Monday, February 21, 2011

Luke's advertising class Research: Schweppes summer rewind bottle design

Bit of a lengthy title for this blog post which is detailing all about the effectiveness and non effective elements of a Schweppes bottle featuring the logo of their summer rewind promotion. Now just based off the previous advertising campaigns Schweppes has always tried to adopt a refined mature sense of imagery with their products. This has often resulted in retro designs ranging from the kind of graphics you would expect to see in the late fifties as the following image can attest towards.


This retro style and aesthetic has been carried out to different degrees ranging from the bottles themselves to the graphics printed on the labels.

Schweppes has also taken on the motif of bubbles and has it ingrained into the physical bottle of all of their plastic bottles while glass bottles feature the bubbles motif as part of their graphic, interestingly enough the graphic is reversed on plastic bottles, where the bubbles have been integrated into the bottle but the graphic on the labels feature glass bottles as prominent pieces of art.

An image of the bubbles motif Schweppes uses in the design of their plastic bottle

When it comes to colours Schweppes find themselves in a position where their free to use a wide range of deep colours though their range, and each colour has been matched appropriately to the flavour.


So while this is all well and good how does the current bottle I have in my hands compare with a mainstream market, weighing in it's pros and cons? Well for starters an a few images to give an idea of the product. (I don't have a camera available at the moment)

This is the bottle that I have in my hands -


And this is the logo that they've added along the top of the label of the bottle with a blue colouring scheme that is featured across the entire range of Schweppes products from lemonade to Pepsi, to solo, to mountain dew, etc.
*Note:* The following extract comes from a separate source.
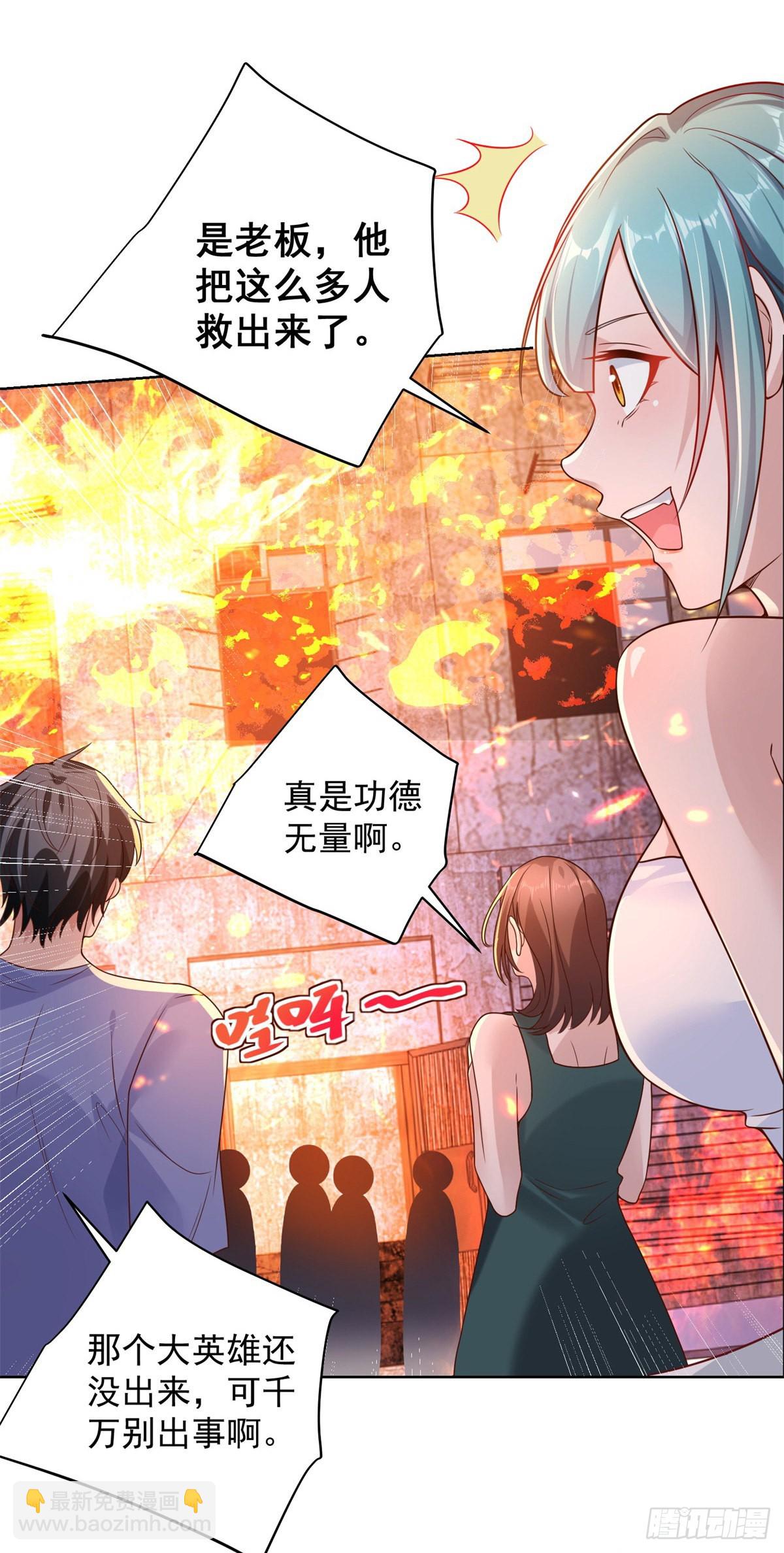 第24话 不一样的英雄-第25话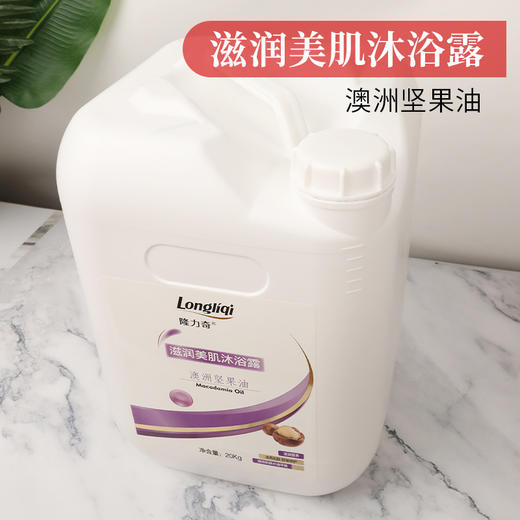 隆力奇洗发水批发20斤装酒店宾馆浴场理发店批发大桶装 商品图3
The particular gimmick of this promotion is that when you collect enough points from drinking Schweppes products, you can send away your codes and points and get a shirt, which is a simple enough gimmick although it does lack a bit of the grand prize feel of a lot of other promotional offers however there isn't an element of chance to this promotion aside from their total stock.

Breaking down the design of this bottle and it's corresponding label yields a mixed bag of pros and cons.

Pros:

1. The blue and orange stick out to an extent that the gimmick stands out amongst the other bottles that its next to on the shelf.

2. There is no chance with the gimmick so if you buy the product a certain amount of times you will get the item you desire, if you do indeed desire the item in question.

3. The bottle itself is well designed, recyclable and suitable for mass production and consumption in a way that is favourable to a super markets way of stacking product.

4. The print across the bottle harkens back to the older days of glass bottles and helps to re-iterate the retro feel that Schweppes endorses.

Cons

1. The retro look of the glass printing gets cut off abruptly at the bottom of the bottle.

2. The gimmick doesn't have the same sense of reward as other competitions with a big pay out.

3. It harkens back to two different time periods with the gimmick of the faded shirts being a fashion from the eighties while the bottle aesthetic has roots in the fifties.

4. The scratching aesthetic that they've added to the logo gives it a degraded look that once again seems at odds with the graphics normally associated with the brand.

 Whether or not there are more pros and cons for this design could be debated, as this particular design has gone through several iterations to where it is now, but this current design does have its issues. But can anything ever really have a perfect design? Perhaps we'll find out later, perhaps not, either way it'll be interesting to see what comes of this in future iterations of the ideas Schweppes has carried throughout the years.